節約したいと思うあまり食品を盗んだ
今思うと、お金を使うのがもったいないという気持ちも走ったと思うわ。お父さんもおらんなったし、老後のことを思うと、節約したいという気持ちが働いて。見つかるとか、見つからんとか、そんなことすら考えんで盗った。自分で自分がわからんわね。
今回の3度目の窃盗については、きょうだいが亡くなったことも大きいと思うわ。とてもショックで。いつもうちにきて、食べる物を一緒に買い物して。いつも電話がかかってきて、今行くねとか。仲の良いきょうだいだったので。
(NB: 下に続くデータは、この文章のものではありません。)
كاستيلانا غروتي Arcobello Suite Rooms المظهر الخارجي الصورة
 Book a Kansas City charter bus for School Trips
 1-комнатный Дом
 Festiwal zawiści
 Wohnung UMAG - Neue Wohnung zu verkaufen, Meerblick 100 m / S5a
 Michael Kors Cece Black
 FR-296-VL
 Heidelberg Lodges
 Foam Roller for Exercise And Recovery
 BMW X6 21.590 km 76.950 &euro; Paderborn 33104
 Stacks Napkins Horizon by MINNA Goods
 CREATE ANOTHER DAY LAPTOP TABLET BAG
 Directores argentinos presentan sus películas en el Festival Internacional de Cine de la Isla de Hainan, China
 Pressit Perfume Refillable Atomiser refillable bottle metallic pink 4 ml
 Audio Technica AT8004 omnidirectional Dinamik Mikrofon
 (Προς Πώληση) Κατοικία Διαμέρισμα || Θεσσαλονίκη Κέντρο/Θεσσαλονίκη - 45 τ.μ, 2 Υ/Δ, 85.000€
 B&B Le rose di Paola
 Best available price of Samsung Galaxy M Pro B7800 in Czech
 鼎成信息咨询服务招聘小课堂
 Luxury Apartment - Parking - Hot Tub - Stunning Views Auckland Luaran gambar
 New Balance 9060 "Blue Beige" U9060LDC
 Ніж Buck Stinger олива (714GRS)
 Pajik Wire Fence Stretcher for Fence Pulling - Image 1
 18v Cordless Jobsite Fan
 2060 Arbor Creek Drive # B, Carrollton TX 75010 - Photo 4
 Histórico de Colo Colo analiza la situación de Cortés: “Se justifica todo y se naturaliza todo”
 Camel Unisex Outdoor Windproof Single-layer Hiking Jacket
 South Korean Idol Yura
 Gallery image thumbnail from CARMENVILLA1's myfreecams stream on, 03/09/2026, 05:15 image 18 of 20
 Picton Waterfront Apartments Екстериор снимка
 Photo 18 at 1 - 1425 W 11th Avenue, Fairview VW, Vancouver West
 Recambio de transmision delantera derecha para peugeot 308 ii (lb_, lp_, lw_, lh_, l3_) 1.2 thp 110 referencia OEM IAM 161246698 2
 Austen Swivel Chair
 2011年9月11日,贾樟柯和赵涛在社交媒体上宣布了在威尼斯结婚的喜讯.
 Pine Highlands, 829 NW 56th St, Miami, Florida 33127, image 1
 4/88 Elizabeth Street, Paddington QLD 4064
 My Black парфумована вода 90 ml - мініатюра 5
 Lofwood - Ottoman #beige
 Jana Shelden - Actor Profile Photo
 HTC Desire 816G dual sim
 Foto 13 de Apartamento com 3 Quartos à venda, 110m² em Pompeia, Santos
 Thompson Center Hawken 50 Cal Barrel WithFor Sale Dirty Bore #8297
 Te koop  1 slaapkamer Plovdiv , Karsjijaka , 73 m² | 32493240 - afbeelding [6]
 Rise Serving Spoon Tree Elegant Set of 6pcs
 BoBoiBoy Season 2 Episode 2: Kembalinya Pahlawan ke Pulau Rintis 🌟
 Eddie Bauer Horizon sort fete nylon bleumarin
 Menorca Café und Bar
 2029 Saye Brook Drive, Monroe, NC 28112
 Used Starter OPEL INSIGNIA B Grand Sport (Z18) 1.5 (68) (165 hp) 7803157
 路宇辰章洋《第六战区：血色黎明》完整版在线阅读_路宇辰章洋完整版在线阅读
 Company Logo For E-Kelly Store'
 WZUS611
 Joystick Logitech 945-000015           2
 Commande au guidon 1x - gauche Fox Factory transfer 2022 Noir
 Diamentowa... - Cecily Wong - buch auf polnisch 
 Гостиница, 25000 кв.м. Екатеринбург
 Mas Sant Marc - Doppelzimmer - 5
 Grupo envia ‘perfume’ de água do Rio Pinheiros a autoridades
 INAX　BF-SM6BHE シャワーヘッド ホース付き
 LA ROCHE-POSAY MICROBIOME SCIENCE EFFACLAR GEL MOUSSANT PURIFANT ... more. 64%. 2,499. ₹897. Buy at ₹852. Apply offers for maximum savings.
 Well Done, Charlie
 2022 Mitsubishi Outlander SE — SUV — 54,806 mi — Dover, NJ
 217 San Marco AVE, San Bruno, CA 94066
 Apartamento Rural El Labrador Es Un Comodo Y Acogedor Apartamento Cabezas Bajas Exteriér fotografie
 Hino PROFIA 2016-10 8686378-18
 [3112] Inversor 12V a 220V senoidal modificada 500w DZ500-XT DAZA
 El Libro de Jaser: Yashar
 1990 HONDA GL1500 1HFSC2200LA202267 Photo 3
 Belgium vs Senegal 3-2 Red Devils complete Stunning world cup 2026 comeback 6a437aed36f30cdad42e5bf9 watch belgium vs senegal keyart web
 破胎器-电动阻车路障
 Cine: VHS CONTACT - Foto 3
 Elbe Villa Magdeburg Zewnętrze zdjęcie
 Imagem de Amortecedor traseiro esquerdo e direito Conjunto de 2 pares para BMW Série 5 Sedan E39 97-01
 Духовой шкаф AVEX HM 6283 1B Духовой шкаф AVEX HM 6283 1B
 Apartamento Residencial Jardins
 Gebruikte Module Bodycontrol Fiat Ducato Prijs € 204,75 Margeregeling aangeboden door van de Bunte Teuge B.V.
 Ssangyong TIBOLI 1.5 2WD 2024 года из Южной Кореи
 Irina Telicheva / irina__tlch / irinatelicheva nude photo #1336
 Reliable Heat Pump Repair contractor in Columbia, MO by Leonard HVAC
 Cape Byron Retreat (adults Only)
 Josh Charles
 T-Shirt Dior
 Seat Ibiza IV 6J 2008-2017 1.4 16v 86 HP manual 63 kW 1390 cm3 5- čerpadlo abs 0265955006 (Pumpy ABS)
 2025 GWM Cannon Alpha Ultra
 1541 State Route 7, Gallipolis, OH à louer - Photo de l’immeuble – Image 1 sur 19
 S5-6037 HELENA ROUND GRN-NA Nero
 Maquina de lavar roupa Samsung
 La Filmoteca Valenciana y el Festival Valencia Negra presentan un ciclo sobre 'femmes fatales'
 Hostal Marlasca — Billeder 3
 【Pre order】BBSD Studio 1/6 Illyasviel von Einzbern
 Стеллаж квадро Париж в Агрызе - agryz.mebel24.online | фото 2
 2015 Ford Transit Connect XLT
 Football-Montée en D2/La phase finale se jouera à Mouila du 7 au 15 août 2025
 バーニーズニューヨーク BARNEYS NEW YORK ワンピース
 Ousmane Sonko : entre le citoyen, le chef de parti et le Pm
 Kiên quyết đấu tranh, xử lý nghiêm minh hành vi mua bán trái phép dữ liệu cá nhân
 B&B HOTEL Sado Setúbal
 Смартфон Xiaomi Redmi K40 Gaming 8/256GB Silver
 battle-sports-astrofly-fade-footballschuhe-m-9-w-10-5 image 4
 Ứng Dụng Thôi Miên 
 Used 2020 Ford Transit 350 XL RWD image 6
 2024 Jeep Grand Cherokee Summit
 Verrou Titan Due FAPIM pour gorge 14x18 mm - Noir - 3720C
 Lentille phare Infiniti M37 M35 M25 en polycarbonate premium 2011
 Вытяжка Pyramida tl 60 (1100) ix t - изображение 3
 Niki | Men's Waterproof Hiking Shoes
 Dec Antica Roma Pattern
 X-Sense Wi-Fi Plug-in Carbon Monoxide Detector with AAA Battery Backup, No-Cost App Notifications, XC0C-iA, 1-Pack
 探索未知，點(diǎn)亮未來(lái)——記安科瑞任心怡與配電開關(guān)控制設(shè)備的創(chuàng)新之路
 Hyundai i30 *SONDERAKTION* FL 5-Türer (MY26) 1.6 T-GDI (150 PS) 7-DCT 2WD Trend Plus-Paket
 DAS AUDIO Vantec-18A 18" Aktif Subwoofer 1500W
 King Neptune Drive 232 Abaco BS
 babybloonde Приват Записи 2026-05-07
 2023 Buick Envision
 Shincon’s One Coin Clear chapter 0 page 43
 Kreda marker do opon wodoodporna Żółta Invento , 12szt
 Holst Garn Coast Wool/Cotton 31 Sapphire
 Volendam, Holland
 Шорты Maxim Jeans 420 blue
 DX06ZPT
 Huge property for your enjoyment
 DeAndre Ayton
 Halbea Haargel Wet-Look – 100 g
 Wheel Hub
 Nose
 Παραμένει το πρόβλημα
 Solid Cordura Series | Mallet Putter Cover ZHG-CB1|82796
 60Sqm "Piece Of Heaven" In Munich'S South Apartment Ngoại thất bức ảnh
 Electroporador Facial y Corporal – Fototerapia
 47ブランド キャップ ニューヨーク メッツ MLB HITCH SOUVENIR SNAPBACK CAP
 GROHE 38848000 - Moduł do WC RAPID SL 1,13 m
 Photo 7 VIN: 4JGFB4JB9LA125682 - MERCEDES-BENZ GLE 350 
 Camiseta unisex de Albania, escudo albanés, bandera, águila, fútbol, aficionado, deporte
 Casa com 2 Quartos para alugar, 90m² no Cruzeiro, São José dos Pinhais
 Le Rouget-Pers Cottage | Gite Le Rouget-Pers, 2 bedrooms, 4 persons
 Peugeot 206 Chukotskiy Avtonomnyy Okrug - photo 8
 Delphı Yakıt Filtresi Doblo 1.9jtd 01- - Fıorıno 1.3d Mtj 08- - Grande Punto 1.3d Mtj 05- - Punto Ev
子供たちとは一時、関係が悪くなったけど、今は罪を償って戻ってくるのを待つといってくれています。もちろん、これを最後にして下さいといわれていますが。窃盗は病気のせいじゃないかともいってくれて。出たら、協力してくれるといってくれてます。
刑務作業を真面目にやって出所したい
そういうことをいってもらえて、私も本当に、今まで以上にここでの刑務作業に集中しています。今は、洋裁をする工場にいるんですが、洋服の柄にも今まで以上に気を使って製品を仕上げています。
最近、受刑者がつけるバッジの色がピンクになったんです。バッジは全部で5色あって、行いが良いと色が変わります。良い行いをしていると、家族と面会する回数が増えたり、手紙をやり取りできる回数が増えたりします。バッジがピンク色になったのを見て、ああ、一生懸命まじめに生きていれば、それを刑務官の先生方はきちんと見てくれているんだなと思い、それは嬉しく思いました。だから、世の中に出てもコツコツまじめに生きなければと強く反省しました。
今、夜に眠れん日が多くて、体がやせてきて、面会に来るたびにみんなが心配して。食べ物はきちっと残さず食べとるんです。あったかい汁気のあるもんをもっと食べたいとたまに思いますけど。
でも、先生方はりっぱな人ばかりで教えられることが多いもんで、いやなことは別にありません。精神統一して頑張っていくことが大事。社会に出て役に立ちたいと思いながら、毎日を過ごしています。ここで一生懸命、償いながら働かしてもらって、頑張って帰らんならんと思っています。